Carol Griffith: Livingston County sees improvement
Collaboration was a main component Carol Griffith attributed to Livingston County’s 2014 success during her State of the County address Tuesday night.
Whether it was economic development or engaged community members, Griffith was pleased with the constant improvement she has seen in Livingston County in the past year.
“2014 was a sign of recovery,” said Griffith, chairwoman of the Board of Commissioners. “We have continued to recreate our county into something suitable for everyone.”
In her speech at the John E. LaBelle Public Safety Complex in Howell Township, Griffith discussed how new construction brought more jobs to the area, how home values jumped from $175,000 to $219,000, and how active and open-minded local government has been toward employees and toward the public.
“The passion and commitment this county and the county board has shown has made me extremely proud,” Griffith said. “It’s only going to continue to be a better place for jobs and a more desirable place to live.”
Griffith went into detail about the county’s 2015-2020 strategic plan. Areas she touched on in her speech included communication, public safety, technology, courts and visionary planning— all of which Griffith believes will attract new residents.
“There’s stability here,” she said. “Public safety is our first priority.”
With the jail expansion on track for 2015, she also said roads will play a hand in making public safety a priority. She encouraged everyone to become educated on the upcoming sale tax proposal to fix Michigan’s roads. Residents will be able to vote on the proposal in May.
“It’s important we stay up to date on how this will affect us in the long run,” Griffith said. “The Livingston County Board of Commissioners has no problem answering any questions about the tax proposal.”
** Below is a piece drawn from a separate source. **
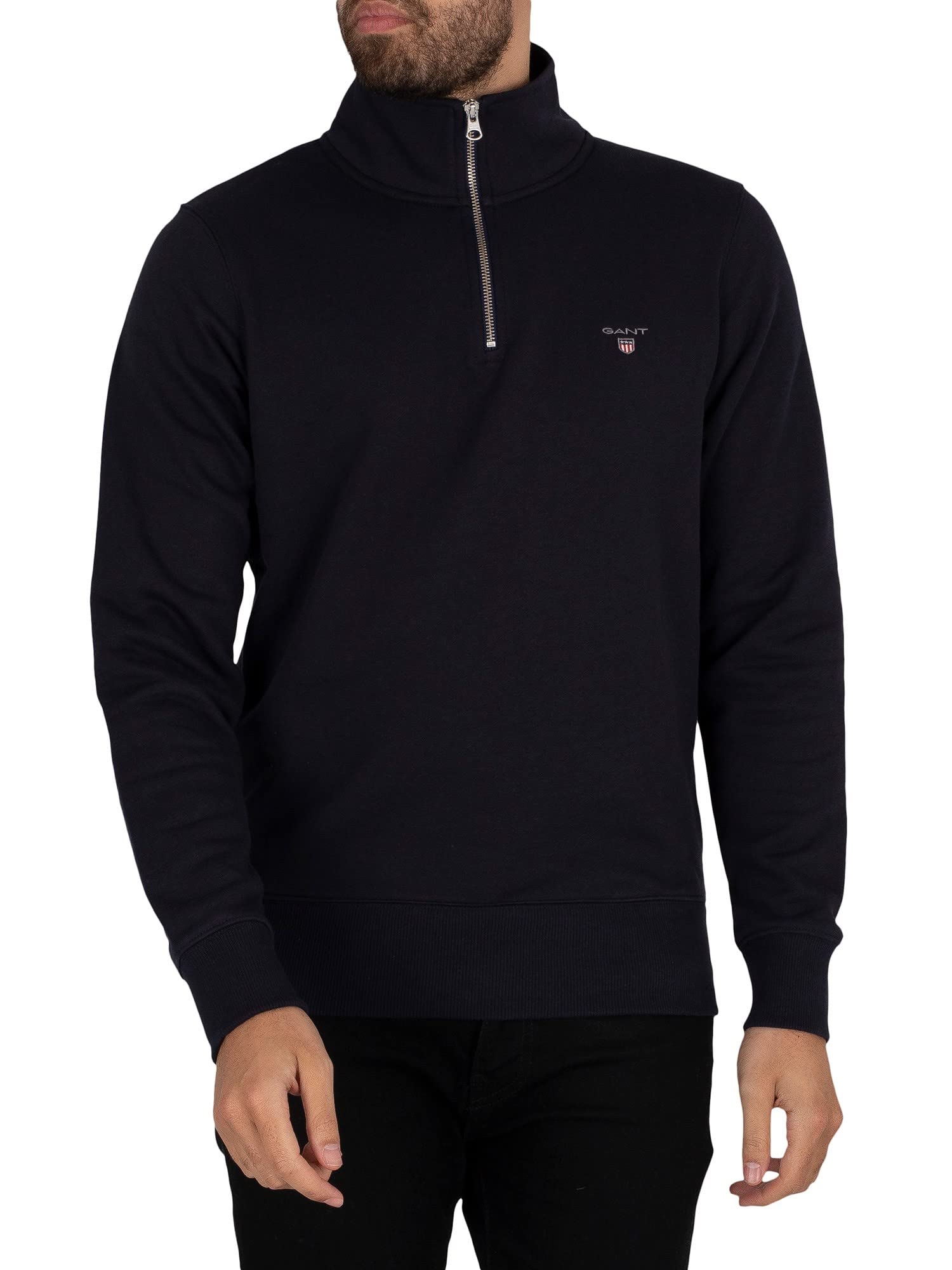GANT Original Half Zip Sweat Men's Sweatshirt (Pack of 1)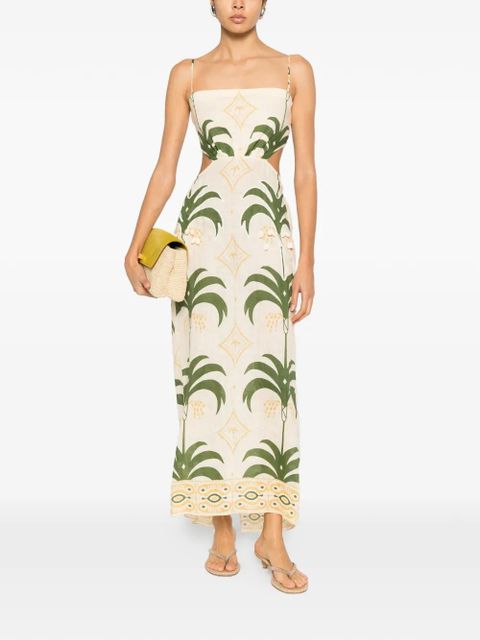 Johanna Ortiz cut-out maxi dress - Neutrals - zdjęcie produktu nr 2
Communicating more actively with the community and residents was something Griffith believes will strengthen over the course of this year. With that, she also said technology has allowed the county more access to collaborations and allowed it to gain resources it wouldn’t regularly have.
The court system and police departments have continued to provide “exceptional service to the community,” something Griffith said she commends them for.
“Looking to continuously improve and move forward has been a great thing to be a part of,” she said. “I am very proud to live in Livingston County.”